A palestra era em Roma. O terror era enorme, mas a tentação de conhecer Roma com passagem paga enterrou o medo. Tinha dois dias na cidade antes da palestra, que estava prontíssima. Mas passei-os inteiros no restaurante do hotel, fechado durante o dia, revisando, repassando, ensaiando mentalmente. A tentação de fugir era enorme, mas eu já tinha atravessado o Atlântico e feito a viagem. Impossível não convidar a moça para dançar.
A palestra era num pódio. Quando me disseram que começasse, subi e agarrei-o porque tinha certeza que se não o agarrasse ele pularia em cima de mim e me derrubaria. E a farsa viria à tona.

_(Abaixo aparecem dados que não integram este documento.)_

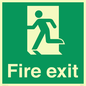 SB433: Final fire exit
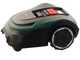 Bosch Indego M 700 Robot Lawn Mower - Robot lawn mower with 18 V Lithium battery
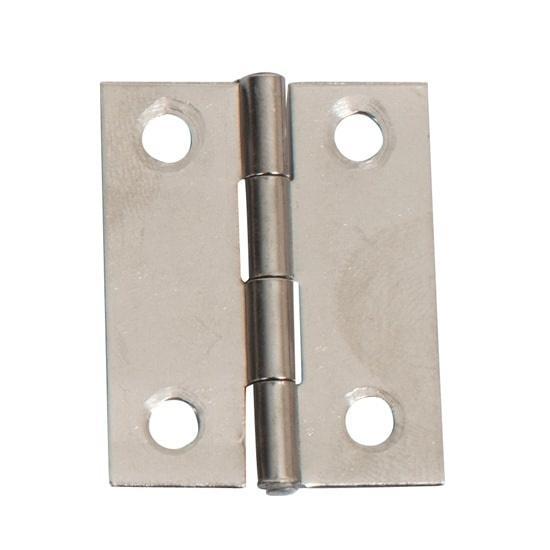 Scharnier verzinkt - Voliere    - Zelfbouw    - Kooien, Dieren en Toebehoren, Vogels | Hokken en Kooien, Nieuw, Verzenden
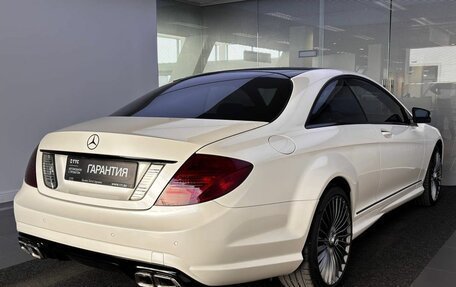 Mercedes-Benz CL-Класс, 2013 год, 3 079 000 рублей, 5 фотография
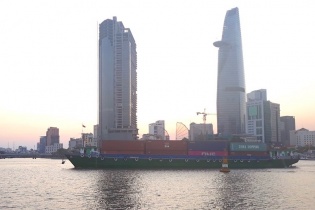 Hiệp hội logistics, doanh nghiệp phản ứng với đề án thu phí hạ tầng cảng biển TP.HCM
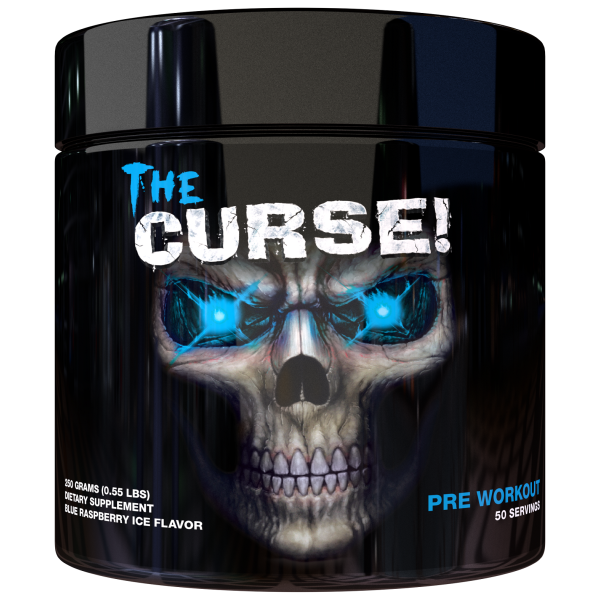 The Curse!, Pina Colada - 250g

Eram 100 ou 150 pessoas no auditório. Eu, agarrado ao pódio, não via ninguém. Comecei a falar (em inglês). Não conseguia ouvir minhas próprias palavras, mas não devia ser nada errado. Defendia-me falando rapidíssimo. De repente, acima das minhas notas, começou a piscar insistentemente um letreiro vermelho: “Speak slowly”. Senti-me totalmente perdido. A velocidade era a minha defesa, mas o maldito letreiro não parava de piscar. Eu já estava do outro lado do salão.
Parei de falar, respirei fundo. Devo ter parado uns cinco a dez segundos. Agora só restava convidar a moça, a travessia do salão havia terminado. O letreiro parou de piscar, as intérpretes simultâneas que traduziam minha fala para francês, espanhol, alemão e italiano já conseguiam acompanhar. Não me lembro do auditório, mas eu tinha atravessado o salão, a dança era consequência: “Allons Paris/ Et vive La Gare/ Saint-Lazare.” Terminou. Houve aplausos, almoço com os anfitriões. Tudo terminado e eu não parti com uma valise em cada mão. Contratei um carregador.

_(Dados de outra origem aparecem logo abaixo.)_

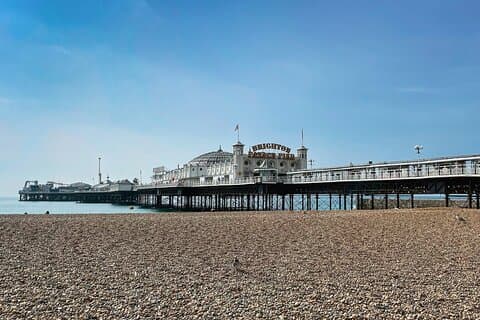 Explore Brighton in 90 minutes with a Local - Private Tour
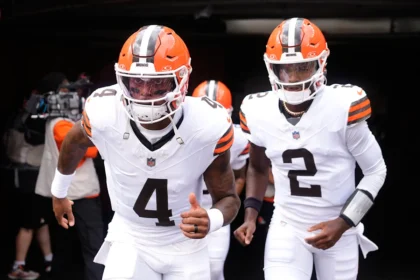NFL preseason Week 2: Key takeaways from Browns' QB situation and Raiders' concerns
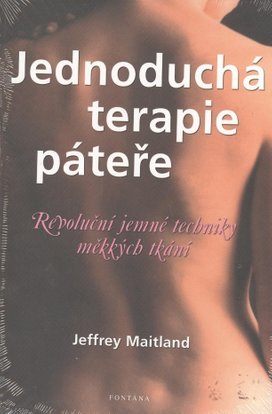 Jednoduchá terapie páteře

Seis meses depois fui convidado para outra palestra para o mesmo grupo. Agora a dança era mais fácil porque eu não precisava temer nada. O pior já tinha feito. Encapsulei anos de batalha num baile e numa palestra, mas as ocasiões foram inúmeras, os fracassos de não enfrentar foram enormes. A maneira que encontrei de vencer a timidez foi transformar o que antecedia a dança que eu não tinha coragem de enfrentar numa coisa irrelevante ante o desafio de atravessar o salão.
Hoje, quando a timidez me ataca (e acredite, leitor, ela volta, sempre), escolho a moça que está mais longe e atravesso o salão. Ou entro na palestra para o que der e vier. Depois que ela começa, parar, respirar fundo e continuar vira tarefa fácil.
Lytha disse-me que ficava impressionada com a minha capacidade de atravessar o salão, Hans convidou-me para fazer as palestras em Roma e Regina ajudou-me a entender tudo isso.